Fenerbahçe şampiyonluk sarhoşluğundan ayıldı, gündem Ersun Yanal’a döndü.
Merak edilen soru “Yanal ve Fenerbahçe sözleşme yenileyecek mi?”
“Normal koşullarda” bu sorunun yanıtı çoktan verilmeliydi. Takım uzak ara şampiyon olmuş, yolun başında bazı kesimlerin kuşkuyla baktığı Yanal böyle düşünenleri mahçup etmiş ve başarısını onaylatmıştı. Atarsın imzayı, bakarsın önüne derdik.
Lakin sarı-lacivertli kulüp bugün o normal koşulları yaşamıyor.
Başkan Aziz Yıldırım’ın ne zaman ceza evine döneceği konuşuluyor. Yıldırım’sız bir Fenerbahçe’nin nasıl yapılanacağı, kimin başkan olacağı, olağanüstü bir kongrenin neler getirip, neler götüreceği planlanıyor.
Şike davasında CAS’ın kararının doğuracağı sonuçlar üzerine hesaplar yapılıyor.
Gelecek sezon Fenerbahçe’nin Avrupa’da olup olmayacağı tartışılıyor.
Tüm bunlar belirsizliğini korurken, kurumsallık ile duygusallık arasında gidip gelen bir başkan ve yönetimin önceliğinin teknik direktör olması elbette beklenemez.
Ben Yanal’ın bu süreçte huzursuzluk yaşadığını düşünmüyorum. Yanal Fenerbahçe’nin başında kalıp daha önemli başarılara imza atmak istemez mi? Kim olsa ister.

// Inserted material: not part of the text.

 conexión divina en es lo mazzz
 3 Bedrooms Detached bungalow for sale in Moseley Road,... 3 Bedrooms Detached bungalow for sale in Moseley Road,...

Ancak şunu da göz ardı etmeyelim. Ersun Yanal Fenerbahçe’yi şampiyon yapmış teknik direktör apoletini taktı. Kariyerinde çok önemli zıplama yaptı. Tekrarı daha zor ama, tıpkı Aykut Kocaman gibi değerinden herhangi bir şey yitirmesi artık söz konusu değil.
Fenerbahçe olmaz ise belki çok daha iyi koşullarda çalışacağı takımlar olabilir. Belki de olmayabilir, sezonu dinlenerek geçirebilir. Kim bilir, belki de orta vadede yarım bıraktığı bir hedefi vardır ve oraya odaklanabilir!
Sarı-lacivertli kulübün, yukarıda sözünü ettiğimiz belirsizlikleri ortadan kaldırmadan sağlıklı plan yapması zor. Dolayısıyla “Başkanın önceliği ben değil kendisi. O sorunlar çözüldükten sonra bizim açımızdan herşey kolay olur” ifadeleri, Yanal ile Aziz Yıldırım arasında şampiyonluk maçından sonra yaşanan “özel diyaloga” dayalı bir güvenin ifadesidir.
Yıldırım ceza evine dönerse mi? Bu sadece Yanal için değil, Fenerbahçe Spor Kulübü için çok şeyin değişmesi ve ezberlerin bozulması anlamına gelebilir!
Yorumculuk ve hocalık!
Hami Mandıralı Trabzonspor’daki kara bulutları dağıtan idealist bir teknik adam.
Göreve geldiğinde işi zordu. Yapacağı tercihler, takıma aşılayacağı oyun karakteri, hem kendisi hem de Trabzonspor adına riskti.
Bugünkü tablo ve saha sonuçları Mandıralı’nın başarılı olduğunu gösteriyor.
Tüm bunları düşünürken Hami hocanın televizyon yorumculuğu geldi gözümün önüne. Trabzonspor ile ilgili değerlendirmelerinde Henrique ile söyledikleri de elbette.
O günlerde yorumcu koltuğunda ağır biçimde eleştirdiği Henrique, ilginçtir bugün Hami hocanın ve Trabzonspor’un kurtarıcısı oldu.
Ne demiş Mevlana, “Asla geçmişle yaşama, ama daima geçmişten ders al...”
Topal Ördek!..
Yasanın öngördüğü e-bilet ile futbol seyircisi henüz birbirlerine ısınamadı.
Görülen o ki, “cezasını öder, uygulamam” diyen Fenerbahçe dışındaki kulüpler boş tribünlere alıştırma yapıyor.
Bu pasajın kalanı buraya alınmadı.